ACTIVITY –
Your answer must match, word for word, the lines from the one holding "카라턱장식플레어블라우스" through the final line below, with pictures excluded.

SUPPLIED INFORMATION –
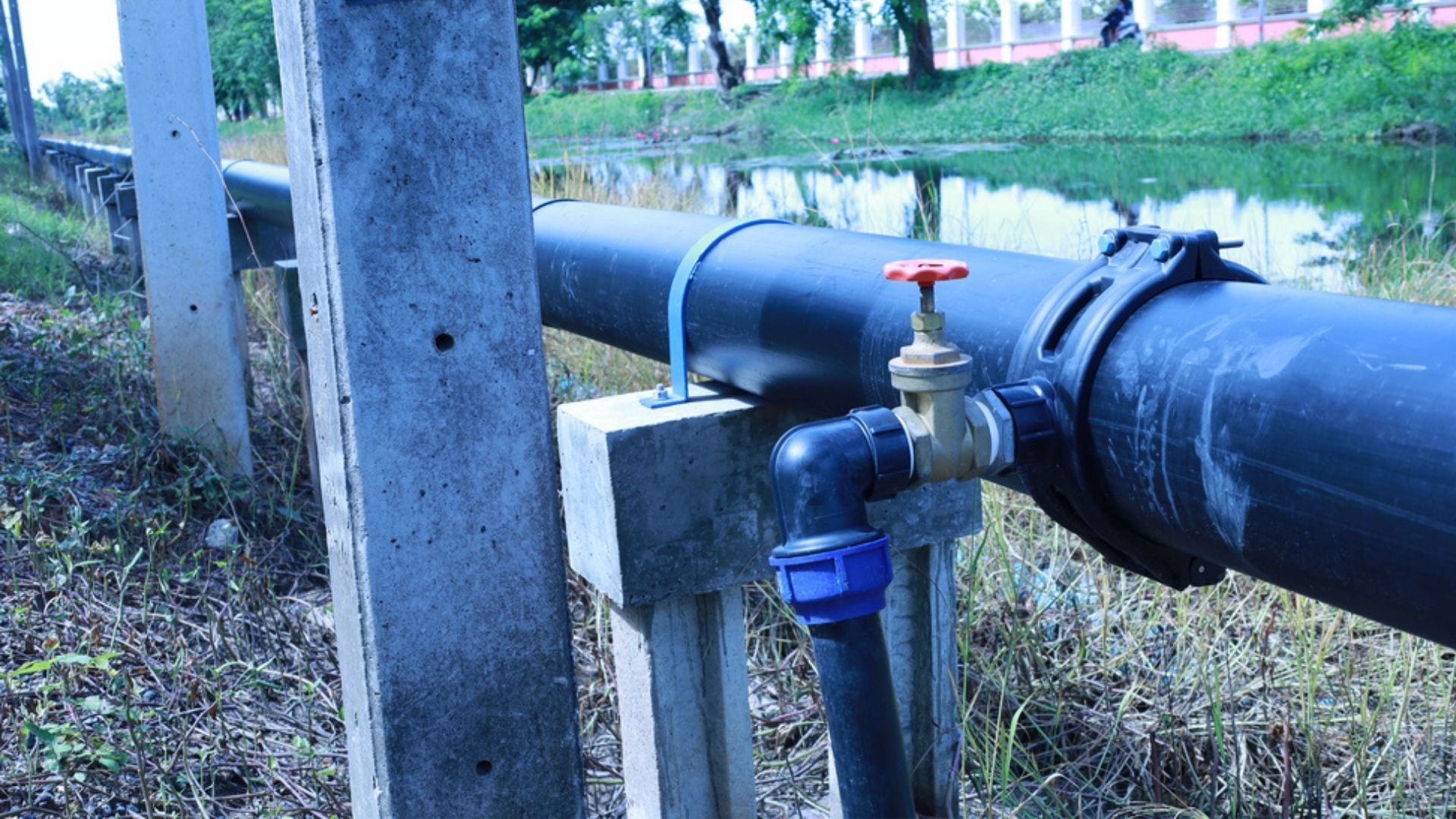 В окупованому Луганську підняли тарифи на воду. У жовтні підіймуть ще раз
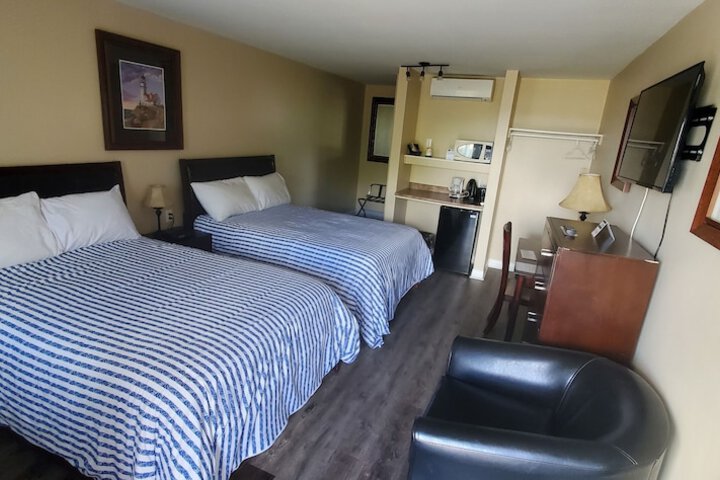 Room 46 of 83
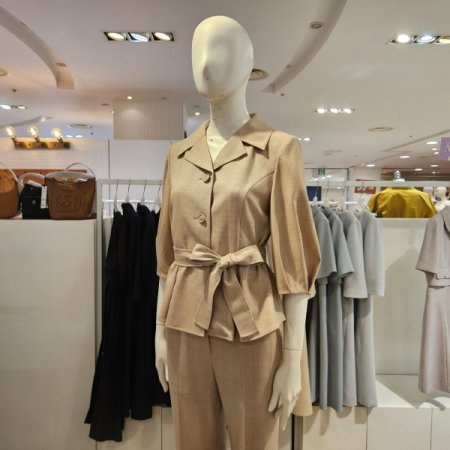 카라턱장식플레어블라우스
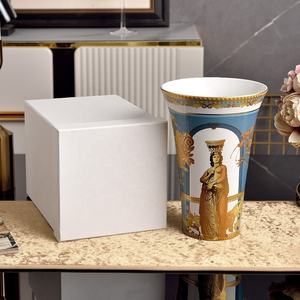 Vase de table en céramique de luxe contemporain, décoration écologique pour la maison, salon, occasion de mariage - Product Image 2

TASK RESPONSE –
 카라턱장식플레어블라우스
 Vase de table en céramique de luxe contemporain, décoration écologique pour la maison, salon, occasion de mariage - Product Image 2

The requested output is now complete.